■ **Work to be completed**
Using the data beneath this instruction, retype only the lines from the one that contains "OPPODREAM Soft Round" down to the one that contains "Bicicleta Aro 26", both included, exactly as they appear.

+---+

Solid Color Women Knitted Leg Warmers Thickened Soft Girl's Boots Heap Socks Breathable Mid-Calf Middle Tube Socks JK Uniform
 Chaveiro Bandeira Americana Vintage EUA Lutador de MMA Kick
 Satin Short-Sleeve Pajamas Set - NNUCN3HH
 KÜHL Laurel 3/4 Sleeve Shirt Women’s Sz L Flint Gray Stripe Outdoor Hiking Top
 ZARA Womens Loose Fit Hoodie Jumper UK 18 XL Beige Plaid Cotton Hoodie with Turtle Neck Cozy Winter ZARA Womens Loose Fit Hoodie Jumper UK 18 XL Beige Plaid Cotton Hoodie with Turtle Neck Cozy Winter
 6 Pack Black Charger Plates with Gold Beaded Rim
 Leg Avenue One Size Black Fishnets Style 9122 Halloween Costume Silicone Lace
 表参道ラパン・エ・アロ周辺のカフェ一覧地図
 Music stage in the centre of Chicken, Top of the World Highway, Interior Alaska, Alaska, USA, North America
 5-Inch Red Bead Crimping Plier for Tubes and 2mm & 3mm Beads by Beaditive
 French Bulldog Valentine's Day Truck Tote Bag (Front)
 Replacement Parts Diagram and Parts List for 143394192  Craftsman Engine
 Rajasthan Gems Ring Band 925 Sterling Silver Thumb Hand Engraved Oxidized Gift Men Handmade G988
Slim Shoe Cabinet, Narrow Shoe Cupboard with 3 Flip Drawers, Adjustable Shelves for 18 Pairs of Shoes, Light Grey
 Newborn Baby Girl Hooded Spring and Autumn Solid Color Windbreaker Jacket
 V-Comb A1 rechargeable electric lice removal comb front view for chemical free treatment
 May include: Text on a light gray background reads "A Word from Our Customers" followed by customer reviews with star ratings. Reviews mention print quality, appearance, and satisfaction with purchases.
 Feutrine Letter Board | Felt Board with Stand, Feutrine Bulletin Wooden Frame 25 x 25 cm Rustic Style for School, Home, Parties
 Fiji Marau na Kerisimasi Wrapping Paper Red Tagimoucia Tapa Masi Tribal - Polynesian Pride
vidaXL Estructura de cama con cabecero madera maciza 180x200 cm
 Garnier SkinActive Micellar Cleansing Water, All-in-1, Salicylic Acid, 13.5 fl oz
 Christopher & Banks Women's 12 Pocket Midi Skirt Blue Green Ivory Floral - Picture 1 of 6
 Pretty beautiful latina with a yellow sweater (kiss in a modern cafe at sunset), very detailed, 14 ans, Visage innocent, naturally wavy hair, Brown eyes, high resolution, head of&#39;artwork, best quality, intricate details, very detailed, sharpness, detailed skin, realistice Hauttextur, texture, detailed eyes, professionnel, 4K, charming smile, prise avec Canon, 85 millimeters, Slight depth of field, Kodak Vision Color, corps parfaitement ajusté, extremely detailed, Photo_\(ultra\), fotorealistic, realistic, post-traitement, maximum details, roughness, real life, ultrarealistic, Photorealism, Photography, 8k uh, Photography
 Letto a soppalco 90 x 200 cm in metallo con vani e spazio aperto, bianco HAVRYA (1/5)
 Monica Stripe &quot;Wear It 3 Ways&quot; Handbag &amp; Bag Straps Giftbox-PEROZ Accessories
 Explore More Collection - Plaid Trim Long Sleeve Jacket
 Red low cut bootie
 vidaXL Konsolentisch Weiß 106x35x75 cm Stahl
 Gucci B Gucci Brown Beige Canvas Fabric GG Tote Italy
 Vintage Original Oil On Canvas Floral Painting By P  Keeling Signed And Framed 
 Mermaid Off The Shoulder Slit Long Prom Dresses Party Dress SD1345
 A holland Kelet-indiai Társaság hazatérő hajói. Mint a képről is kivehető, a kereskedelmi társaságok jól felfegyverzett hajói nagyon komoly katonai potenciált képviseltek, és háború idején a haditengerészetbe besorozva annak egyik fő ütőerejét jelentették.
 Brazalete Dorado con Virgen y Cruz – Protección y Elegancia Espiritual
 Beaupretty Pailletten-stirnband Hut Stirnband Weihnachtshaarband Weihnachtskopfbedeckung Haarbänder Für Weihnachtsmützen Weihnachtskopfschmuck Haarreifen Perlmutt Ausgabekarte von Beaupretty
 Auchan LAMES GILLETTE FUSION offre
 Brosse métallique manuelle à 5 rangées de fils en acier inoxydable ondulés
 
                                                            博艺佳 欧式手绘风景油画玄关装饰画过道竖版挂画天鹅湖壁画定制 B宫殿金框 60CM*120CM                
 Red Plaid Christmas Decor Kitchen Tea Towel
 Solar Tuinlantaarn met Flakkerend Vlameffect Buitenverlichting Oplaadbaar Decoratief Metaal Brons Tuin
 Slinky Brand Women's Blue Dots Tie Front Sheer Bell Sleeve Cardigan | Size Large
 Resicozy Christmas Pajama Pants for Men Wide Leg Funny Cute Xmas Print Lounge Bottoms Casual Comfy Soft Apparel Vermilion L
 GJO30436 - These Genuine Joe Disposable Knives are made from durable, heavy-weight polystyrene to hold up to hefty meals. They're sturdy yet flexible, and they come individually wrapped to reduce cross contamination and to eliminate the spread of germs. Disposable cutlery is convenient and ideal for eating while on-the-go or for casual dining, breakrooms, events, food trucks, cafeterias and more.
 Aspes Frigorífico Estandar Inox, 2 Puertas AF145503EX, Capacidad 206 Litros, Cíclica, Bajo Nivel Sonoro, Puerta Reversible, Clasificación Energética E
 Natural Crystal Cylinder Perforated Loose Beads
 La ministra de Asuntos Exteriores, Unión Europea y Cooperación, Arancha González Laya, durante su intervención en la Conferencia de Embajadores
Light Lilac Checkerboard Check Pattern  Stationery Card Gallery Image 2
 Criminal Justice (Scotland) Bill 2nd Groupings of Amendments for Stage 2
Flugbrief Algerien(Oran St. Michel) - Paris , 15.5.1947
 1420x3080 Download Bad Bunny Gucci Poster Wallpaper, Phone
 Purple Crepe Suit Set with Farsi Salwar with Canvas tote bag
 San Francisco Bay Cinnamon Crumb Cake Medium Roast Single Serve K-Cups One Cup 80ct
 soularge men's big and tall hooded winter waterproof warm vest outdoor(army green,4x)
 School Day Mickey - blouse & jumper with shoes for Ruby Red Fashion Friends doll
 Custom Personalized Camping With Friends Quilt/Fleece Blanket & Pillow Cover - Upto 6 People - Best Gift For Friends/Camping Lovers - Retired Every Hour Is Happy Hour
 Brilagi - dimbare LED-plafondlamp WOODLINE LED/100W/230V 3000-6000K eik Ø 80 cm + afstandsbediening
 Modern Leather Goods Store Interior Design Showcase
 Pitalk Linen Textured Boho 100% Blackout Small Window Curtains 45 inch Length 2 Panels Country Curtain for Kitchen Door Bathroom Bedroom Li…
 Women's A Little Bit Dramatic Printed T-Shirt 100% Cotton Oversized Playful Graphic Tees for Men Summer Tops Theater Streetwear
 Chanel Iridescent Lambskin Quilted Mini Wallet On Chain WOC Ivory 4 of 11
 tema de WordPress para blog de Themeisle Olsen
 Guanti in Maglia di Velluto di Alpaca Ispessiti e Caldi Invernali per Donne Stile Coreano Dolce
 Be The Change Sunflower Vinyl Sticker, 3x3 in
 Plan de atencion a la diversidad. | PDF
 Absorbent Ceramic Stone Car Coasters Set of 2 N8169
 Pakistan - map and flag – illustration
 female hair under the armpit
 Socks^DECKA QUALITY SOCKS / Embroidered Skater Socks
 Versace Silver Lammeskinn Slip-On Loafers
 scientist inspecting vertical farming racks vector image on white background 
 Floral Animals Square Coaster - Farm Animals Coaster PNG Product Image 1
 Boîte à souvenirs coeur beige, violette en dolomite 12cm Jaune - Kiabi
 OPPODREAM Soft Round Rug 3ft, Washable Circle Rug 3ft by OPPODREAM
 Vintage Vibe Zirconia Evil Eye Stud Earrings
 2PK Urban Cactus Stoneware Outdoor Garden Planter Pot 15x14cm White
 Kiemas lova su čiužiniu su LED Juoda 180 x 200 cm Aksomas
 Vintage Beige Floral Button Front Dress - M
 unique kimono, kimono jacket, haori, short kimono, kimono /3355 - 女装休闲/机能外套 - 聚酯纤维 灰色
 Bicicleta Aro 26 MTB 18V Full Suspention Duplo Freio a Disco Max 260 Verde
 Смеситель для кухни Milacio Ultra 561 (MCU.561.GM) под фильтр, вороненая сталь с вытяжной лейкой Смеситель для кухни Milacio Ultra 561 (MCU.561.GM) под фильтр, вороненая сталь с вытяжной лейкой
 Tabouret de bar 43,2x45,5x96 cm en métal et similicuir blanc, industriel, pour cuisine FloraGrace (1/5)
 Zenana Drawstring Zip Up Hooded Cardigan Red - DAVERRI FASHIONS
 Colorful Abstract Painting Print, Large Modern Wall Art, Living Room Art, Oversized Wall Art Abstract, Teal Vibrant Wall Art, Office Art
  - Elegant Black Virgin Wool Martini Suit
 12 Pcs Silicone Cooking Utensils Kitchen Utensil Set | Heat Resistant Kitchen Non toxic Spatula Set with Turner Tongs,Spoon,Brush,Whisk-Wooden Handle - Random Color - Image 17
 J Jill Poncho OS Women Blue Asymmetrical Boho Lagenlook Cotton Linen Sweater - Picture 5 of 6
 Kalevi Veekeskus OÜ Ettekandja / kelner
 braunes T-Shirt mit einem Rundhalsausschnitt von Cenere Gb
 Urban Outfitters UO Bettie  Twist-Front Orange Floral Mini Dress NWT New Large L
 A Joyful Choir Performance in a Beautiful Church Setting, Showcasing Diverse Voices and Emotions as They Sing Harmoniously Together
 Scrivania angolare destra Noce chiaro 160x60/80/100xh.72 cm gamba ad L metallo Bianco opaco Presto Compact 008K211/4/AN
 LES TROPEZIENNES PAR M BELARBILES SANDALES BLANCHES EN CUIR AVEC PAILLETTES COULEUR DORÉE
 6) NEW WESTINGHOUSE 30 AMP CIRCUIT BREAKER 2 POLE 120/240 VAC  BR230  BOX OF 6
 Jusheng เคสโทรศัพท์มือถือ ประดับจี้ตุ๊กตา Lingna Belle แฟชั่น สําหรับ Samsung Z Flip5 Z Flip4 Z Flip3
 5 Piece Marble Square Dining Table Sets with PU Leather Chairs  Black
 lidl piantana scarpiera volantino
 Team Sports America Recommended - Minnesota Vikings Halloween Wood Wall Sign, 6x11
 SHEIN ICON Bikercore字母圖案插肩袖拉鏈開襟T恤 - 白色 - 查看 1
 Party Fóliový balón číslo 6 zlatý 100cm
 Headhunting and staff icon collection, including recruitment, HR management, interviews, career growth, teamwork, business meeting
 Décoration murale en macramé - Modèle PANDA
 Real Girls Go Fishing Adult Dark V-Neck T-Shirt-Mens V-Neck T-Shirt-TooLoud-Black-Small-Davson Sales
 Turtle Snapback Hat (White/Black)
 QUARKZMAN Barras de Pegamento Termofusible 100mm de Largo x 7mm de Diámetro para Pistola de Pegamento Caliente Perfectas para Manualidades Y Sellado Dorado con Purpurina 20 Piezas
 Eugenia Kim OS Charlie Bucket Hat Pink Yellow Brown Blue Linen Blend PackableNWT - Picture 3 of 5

+---+

■ **Output for this exercise**
 OPPODREAM Soft Round Rug 3ft, Washable Circle Rug 3ft by OPPODREAM
 Vintage Vibe Zirconia Evil Eye Stud Earrings
 2PK Urban Cactus Stoneware Outdoor Garden Planter Pot 15x14cm White
 Kiemas lova su čiužiniu su LED Juoda 180 x 200 cm Aksomas
 Vintage Beige Floral Button Front Dress - M
 unique kimono, kimono jacket, haori, short kimono, kimono /3355 - 女装休闲/机能外套 - 聚酯纤维 灰色
 Bicicleta Aro 26 MTB 18V Full Suspention Duplo Freio a Disco Max 260 Verde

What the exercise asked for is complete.